Abdel-Ghany et al. [7,8] evaluated the temperature-humidity index (THI), the wet-bulb globe temperature (WBGT), the physiological effective temperature (PET), and the universal thermal climatic index (UTCI) as thermal comfort indices for an outdoor urban arid environment and concluded that the PET and UTCI scales can be used for an arid environment. Abdel-Ghany et al. [9] compared heat stress indices in summer for an arid environment and found that the stand-effective temperature (SET) is a better index than the THI, PET, or UTCI indices.
Anuja and Priya [10] proposed six thermal contort indices: THI, the Heat index (HI), the heat transfer coefficient (HTC), the tropical summer index (TSI), the apparent temperature (AT), and the WBGT. Ali and Patnaik [11] showed that the PET value is higher than 30 °C during the afternoon hours and used the PET value as the best index for a tropical city. Aghamohammadi et al. [12] used the PET value as the thermal comfort index for a tropical city and proposed an acceptable range of 25.9–32.3 °C.
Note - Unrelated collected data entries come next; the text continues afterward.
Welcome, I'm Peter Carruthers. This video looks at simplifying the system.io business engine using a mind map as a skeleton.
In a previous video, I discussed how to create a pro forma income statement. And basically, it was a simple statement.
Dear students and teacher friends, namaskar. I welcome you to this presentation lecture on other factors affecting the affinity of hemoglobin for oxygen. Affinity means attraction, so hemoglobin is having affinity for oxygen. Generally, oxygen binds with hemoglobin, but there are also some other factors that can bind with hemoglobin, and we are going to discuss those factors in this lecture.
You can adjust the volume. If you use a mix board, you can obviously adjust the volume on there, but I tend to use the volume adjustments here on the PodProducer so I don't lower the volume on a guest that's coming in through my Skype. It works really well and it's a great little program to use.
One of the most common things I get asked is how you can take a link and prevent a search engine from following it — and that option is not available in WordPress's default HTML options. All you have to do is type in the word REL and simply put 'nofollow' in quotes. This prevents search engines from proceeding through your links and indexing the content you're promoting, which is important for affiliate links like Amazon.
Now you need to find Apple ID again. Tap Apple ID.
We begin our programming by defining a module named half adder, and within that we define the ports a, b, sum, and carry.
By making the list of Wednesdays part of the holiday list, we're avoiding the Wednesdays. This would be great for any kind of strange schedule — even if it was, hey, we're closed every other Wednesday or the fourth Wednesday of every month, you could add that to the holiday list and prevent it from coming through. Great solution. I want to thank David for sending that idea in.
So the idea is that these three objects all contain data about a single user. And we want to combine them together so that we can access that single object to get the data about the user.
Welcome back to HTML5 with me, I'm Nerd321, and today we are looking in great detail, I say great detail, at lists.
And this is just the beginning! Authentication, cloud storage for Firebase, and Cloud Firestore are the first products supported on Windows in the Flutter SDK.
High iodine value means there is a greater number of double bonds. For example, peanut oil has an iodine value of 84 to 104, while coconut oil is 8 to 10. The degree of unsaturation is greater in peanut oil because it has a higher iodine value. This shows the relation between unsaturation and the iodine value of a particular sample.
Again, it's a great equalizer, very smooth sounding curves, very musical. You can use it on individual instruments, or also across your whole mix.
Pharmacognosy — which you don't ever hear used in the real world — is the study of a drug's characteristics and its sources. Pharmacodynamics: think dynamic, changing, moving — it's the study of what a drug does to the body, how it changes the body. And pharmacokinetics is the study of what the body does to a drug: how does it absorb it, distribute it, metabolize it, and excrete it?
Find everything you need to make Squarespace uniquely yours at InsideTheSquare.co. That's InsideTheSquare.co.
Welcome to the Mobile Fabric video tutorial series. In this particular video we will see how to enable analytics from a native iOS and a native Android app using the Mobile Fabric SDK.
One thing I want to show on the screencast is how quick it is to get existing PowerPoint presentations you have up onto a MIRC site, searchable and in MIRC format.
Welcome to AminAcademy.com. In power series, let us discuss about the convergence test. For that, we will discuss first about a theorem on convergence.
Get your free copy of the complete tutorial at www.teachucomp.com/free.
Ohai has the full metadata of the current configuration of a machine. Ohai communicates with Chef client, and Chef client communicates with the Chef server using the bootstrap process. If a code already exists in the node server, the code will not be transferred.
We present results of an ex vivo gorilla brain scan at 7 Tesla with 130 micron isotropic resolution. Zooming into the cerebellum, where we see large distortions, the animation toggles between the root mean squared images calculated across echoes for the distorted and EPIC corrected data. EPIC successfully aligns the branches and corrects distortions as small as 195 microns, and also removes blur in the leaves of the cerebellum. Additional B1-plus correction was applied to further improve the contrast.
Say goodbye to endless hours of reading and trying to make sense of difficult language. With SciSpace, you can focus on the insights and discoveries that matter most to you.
In terms of passive cooling and human comfort, Fairvey [13] noted that evaporative cooling is the most important mechanism for cooling body temperature. If the dry-bulb air temperature is less than the skin temperature and the air humidity is low, evaporation increases the dissipation of heat but this evaporative cooling of the air is not significant in warm and highly humid climates. The WBGT index considers the effect of the dry-bulb temperature, the wet-bulb temperature, air velocity, and solar radiation [14]. However, this index responds poorly to air humidity and movement and stress due to restricted evaporation is underestimated [14]. Heat stress for human beings due to high temperature and humidity must be considered.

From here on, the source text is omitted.